Vereadores bem próximos de Paulo Vitor Duarte, entendem que um chapão de tal dimensão exigirá milhares de votos e os riscos de não reeleição, além de uma campanha bastante onerosa e até conflitante, uma vez o PSB poderá chegar no máximo a 05 vereadores, de acordo com avaliação de alguns vereadores e observadores, além de campanhas massivas e alimentada por muitos recursos. Tenho informação de que pelo menos 04 já teriam tomado a decisão de pular da barca Paulo Vitor, mas ainda não informaram ele.

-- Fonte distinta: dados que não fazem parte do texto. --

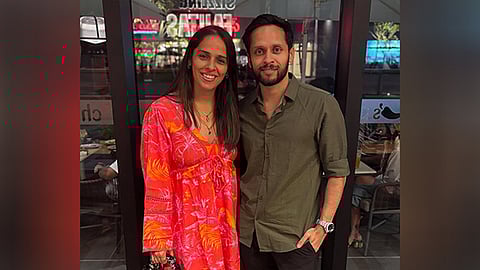 கணவர் பாருபள்ளி காஷ்யபை பிரிந்தார் சாய்னா நேவால்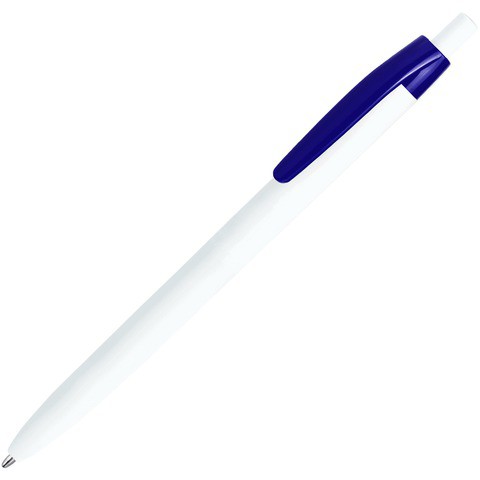 Ручка темно-синяя, пластик «ДАРОМ»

O vereador Paulo Vitor propaga forte influência no Governo do Estado, mesmo com problemas na justiça e deve enfrentar nas eleições, complicadores resultantes das ações do GAECO, que inclusive chegou a pedir a sua prisão por práticas ilícitas na Câmara Municipal. Os inquéritos estão parados por decisão liminar de um desembargador, mas como na política as coisas mudam constantemente, nada é impossível. Neste carnaval o vereador Paulo Vitor já deu ampla demonstração de que vem com tudo para a reeleição, tendo patrocinado blocos em inúmeras comunidades, fazendo propaganda do seu nome, o que vai precisar da atenção da Justiça Eleitoral, uma vez que pode caracterizar campanha eleitoral antecipada.